Aleksandr Ionovich Boyarsky (; born September 28, 1957) is the CEO of the Melnitsa Animation Studio, producer, screenwriter, voice actor, and composer.

Biography 
Aleksandr Boyarsky was born on September 28, 1957, in Šiauliai.

He graduated from the Leningrad Institute of Film Engineers in 1987.

In 1992, he founded a small recording studio "Midi-Cinema" together with composer Valentin Vasenkov.

Since 1999, he is the chief executive officer of the Melnitsa Animation Studio.

He is the author of the idea for the animated series "Luntik."

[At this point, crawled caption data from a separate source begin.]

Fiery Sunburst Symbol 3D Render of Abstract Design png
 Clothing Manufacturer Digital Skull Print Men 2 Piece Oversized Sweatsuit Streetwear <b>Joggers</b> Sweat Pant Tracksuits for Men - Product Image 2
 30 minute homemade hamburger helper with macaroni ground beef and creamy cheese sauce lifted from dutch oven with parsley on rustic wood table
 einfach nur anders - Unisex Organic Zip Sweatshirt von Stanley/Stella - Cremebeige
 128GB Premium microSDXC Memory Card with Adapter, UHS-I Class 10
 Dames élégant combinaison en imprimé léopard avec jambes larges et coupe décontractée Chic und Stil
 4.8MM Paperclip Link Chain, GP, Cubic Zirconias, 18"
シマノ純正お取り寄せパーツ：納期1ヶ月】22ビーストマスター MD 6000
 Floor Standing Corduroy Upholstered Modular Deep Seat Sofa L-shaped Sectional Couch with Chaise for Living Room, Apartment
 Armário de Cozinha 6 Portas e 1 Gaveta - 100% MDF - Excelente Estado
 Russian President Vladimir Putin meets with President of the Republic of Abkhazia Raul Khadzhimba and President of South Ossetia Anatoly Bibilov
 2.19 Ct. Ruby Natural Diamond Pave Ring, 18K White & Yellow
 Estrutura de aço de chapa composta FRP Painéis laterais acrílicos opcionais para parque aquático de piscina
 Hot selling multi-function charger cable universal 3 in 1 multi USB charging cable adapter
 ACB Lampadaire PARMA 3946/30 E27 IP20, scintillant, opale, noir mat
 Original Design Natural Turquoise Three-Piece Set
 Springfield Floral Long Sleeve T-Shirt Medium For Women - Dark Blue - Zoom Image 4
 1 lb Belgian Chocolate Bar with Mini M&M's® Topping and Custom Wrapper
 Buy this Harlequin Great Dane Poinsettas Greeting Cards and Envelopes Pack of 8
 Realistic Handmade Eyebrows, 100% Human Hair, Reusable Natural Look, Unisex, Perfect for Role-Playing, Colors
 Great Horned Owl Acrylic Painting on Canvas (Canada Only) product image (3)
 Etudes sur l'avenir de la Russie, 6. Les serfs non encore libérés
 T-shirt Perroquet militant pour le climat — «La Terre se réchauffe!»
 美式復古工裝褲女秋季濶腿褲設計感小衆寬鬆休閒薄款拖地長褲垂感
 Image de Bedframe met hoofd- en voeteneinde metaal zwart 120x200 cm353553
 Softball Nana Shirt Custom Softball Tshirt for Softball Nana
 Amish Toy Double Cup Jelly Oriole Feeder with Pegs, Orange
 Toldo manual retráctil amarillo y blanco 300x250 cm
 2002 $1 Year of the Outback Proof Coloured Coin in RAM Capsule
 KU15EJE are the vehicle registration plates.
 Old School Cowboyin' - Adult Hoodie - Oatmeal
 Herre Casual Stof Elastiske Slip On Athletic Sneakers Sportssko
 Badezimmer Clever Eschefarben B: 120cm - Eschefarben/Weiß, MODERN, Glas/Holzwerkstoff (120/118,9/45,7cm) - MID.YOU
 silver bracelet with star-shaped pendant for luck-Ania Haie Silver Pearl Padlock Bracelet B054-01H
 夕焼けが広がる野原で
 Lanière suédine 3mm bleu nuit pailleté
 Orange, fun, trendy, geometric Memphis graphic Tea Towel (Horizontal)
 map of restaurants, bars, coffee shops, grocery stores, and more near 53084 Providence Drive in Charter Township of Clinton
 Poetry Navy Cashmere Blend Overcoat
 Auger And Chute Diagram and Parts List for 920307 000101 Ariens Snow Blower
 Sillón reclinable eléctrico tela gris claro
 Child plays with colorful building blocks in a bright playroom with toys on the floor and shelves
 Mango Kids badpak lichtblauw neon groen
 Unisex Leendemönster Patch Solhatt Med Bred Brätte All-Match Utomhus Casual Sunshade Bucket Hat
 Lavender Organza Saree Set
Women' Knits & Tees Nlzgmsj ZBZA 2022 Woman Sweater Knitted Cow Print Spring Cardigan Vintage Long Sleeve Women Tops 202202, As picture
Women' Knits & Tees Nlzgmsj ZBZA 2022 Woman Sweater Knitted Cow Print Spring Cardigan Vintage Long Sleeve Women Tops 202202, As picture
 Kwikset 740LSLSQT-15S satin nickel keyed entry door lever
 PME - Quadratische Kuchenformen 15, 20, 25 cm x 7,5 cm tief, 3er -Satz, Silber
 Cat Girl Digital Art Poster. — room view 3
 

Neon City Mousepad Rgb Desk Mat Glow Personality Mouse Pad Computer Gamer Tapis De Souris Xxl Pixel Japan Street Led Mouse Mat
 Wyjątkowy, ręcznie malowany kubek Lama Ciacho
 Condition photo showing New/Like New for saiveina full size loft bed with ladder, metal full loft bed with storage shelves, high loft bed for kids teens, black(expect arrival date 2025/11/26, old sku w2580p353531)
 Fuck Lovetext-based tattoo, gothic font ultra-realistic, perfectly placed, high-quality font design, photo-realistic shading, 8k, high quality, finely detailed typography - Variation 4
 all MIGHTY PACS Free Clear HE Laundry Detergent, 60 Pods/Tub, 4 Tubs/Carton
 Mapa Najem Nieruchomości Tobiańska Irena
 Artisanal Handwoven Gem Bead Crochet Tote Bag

On February 28, 2015, he was presented to the Government awards in the field of culture for 2014. He was awarded the prize together with the directors Darina Schmidt and Elena Galdobina, and screenwriter Anna Sarantseva for he creation of an animated series for children "Luntik."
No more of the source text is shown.